• Darren Sinden posted an update

    5 months, 1 week ago

    Back on November the 19th, wearing a different hat, I wrote about how it pays to be tactical as a trader.

    And with that it mind, I suggested that there was an upside opportunity in US equities, through year end, and into the New Year.

    The bullet points from that article are as follows:

    Tactical Opportunity: There might be a tactical opportunity in US equity markets despite question marks around AI and Private Credit.

    Misplaced Negativity: The recent “doom and gloom” and pullback in US equity markets were seen as misplaced and an overreaction from traders who have short memories of genuine, double-digit corrections (like the one seven months ago, which saw the S&P 500 contract by nearly 20%).

    Bearish Long-Term Outlook (Statistical): Historical data (27 years) suggests a bleak long-term statistical outlook for the S&P 500. When bought at a P/E ratio around the current 22.4 (above 5- and 10-year averages), subsequent 10-year returns have always been between +2% and -2%. However a decade is a long time.

    Bullish Near-Term Outlook (Analyst View): Wall Street analysts are more bullish, with earnings estimates for US technology stocks rising rapidly. Earnings upgrades for the wider S&P 500 are significantly outweighing downgrades.

    Relative Undervaluation: US equities appear relatively undervalued compared to other global markets in 2025, which have seen much higher returns (e.g., South Korea’s KOSPI up almost +80.0%). For US equities, the muted performance is largely driven by forward earnings per share, with PE multiples making only a modest contribution to overall returns.

    Conclusion: Given rising S&P 500 earnings (Q3 2025 growth of +13.10% YoY, with +13.90% estimated for 2026) and a less expensive valuation compared to peers, the article concludes that there could be more upside for US equities as the year-end approaches and going into 2026, assuming no new major macro shock.

    Three weeks on, and that Idea seems to playing out; with the S&P 500 up by +3.20% since November 19th.
    Of course, critics might argue that those gains can be laid at the feet of just a few heavy weight stocks.
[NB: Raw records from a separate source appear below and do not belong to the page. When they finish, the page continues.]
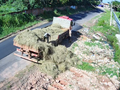 Câmeras da Superintendência de Videomonitoramento registraram o descarte irregular de lixo em terreno baldio no bairro Morada do Sol.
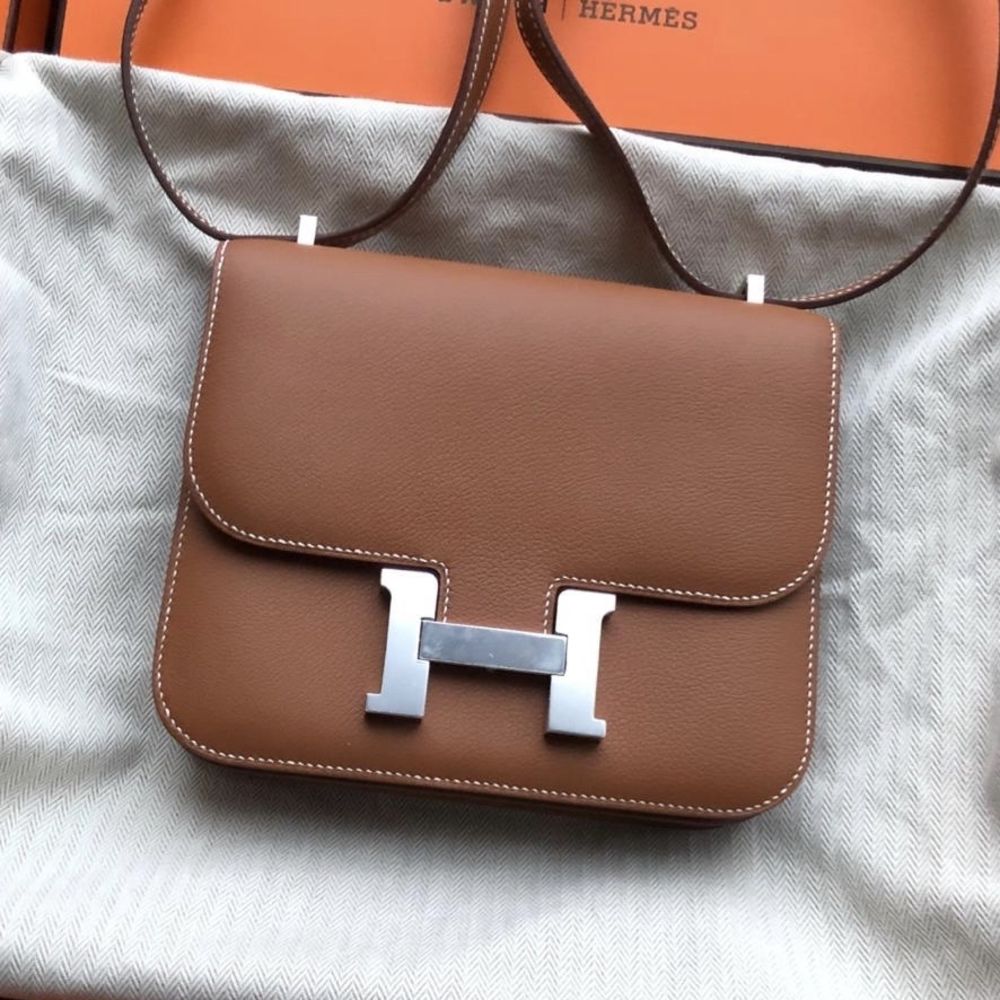 Hermès Gold Constance 24cm of Evercolor Leather with Palladium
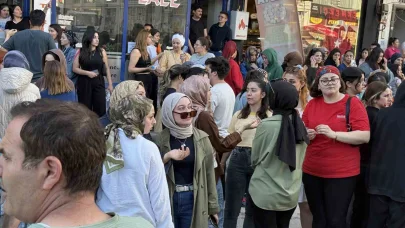 Yangın çıkan yurttaki öğrencilerden tepki: "Yangın tüpü, alarm yok"
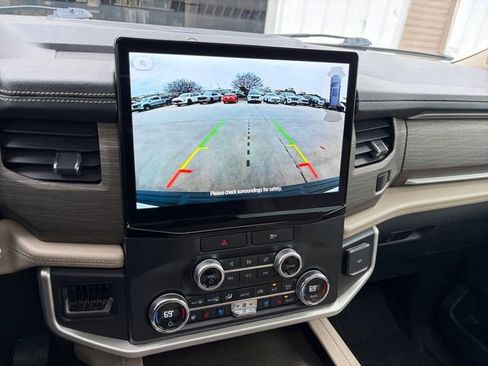 Used 2022 Ford Expedition Max Limited image 10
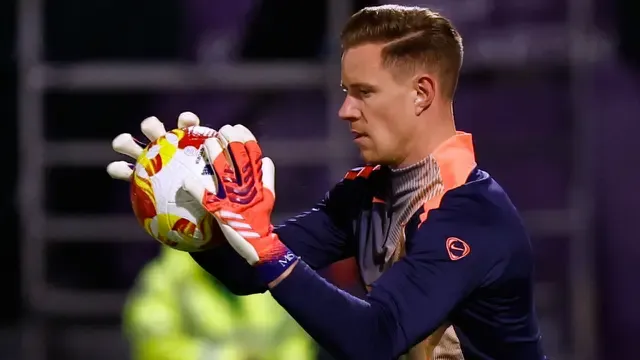 Ajax Datangkan Marc-Andre Ter Stegen, Maarten Paes Hadapi Persaingan Sengit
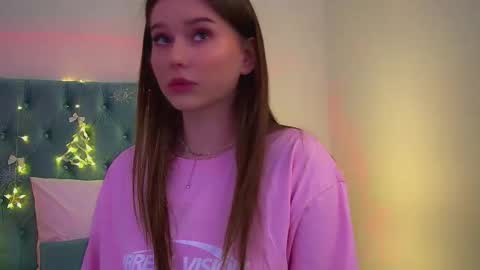 Snapshot of dianabecker chatting on 12/04/25, 06:27 Diana online show from 12/04/25, 06:27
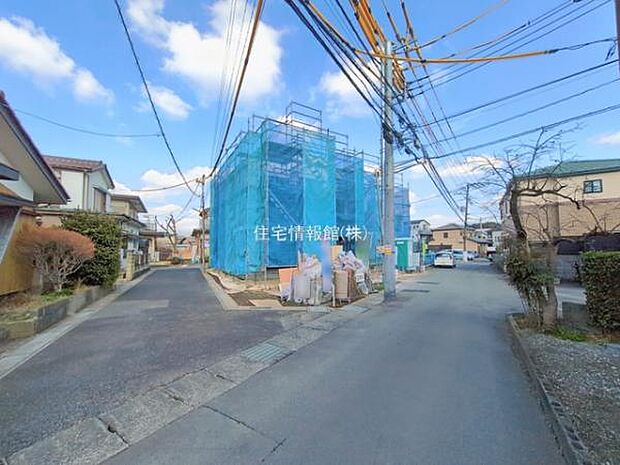 前面道路を含めた現地写真です。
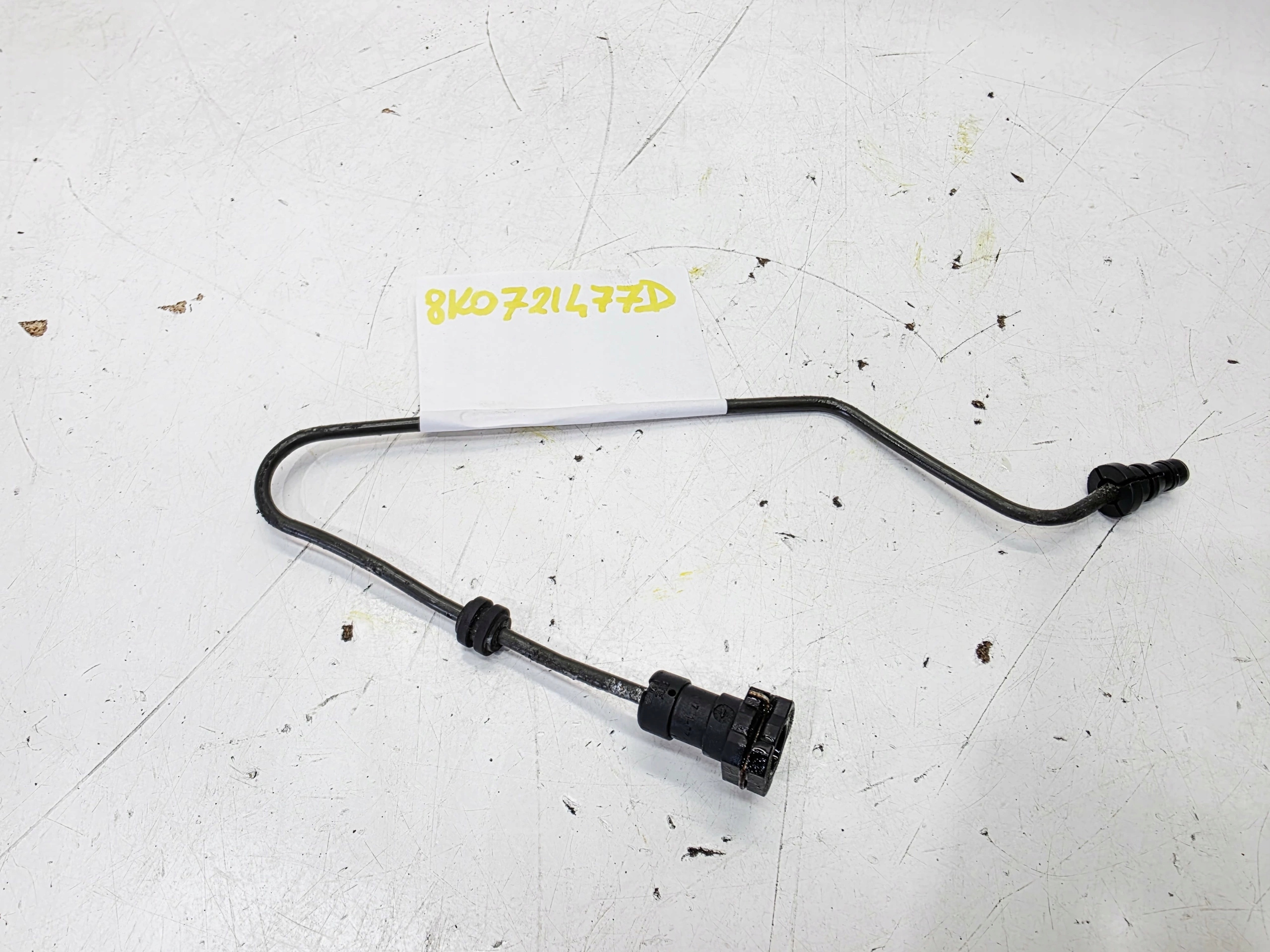 tömlő cső kuplung AUDI A4 B8 A5 8T 8K0721477D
    Well not so fast because if we look at the performance of the Invesco S&P 500 Equal Weight ETF (RSP) we find that this is up by +4.10% since November 19th.

    That tell us that the gains have been widespread and not concentrated among the mega caps.

    In the week that I wrote the article, Morgan Stanley raised their S&P 500 target, for end 2027, to 7800- justifying that level with a 22 times multiple on $356.00 of EPS for the index .

    The bank said :

    “We see 2025 EPS of $272 (12% growth), 2026 EPS of $317 (17% growth), and 2027 EPS of $356 (12% growth). Key drivers of our bullish earnings/cash flow view include a return of positive operating leverage, greater pricing power and AI-driven efficiency gains.”

    For now then, I am staying tactically bullish on US stocks.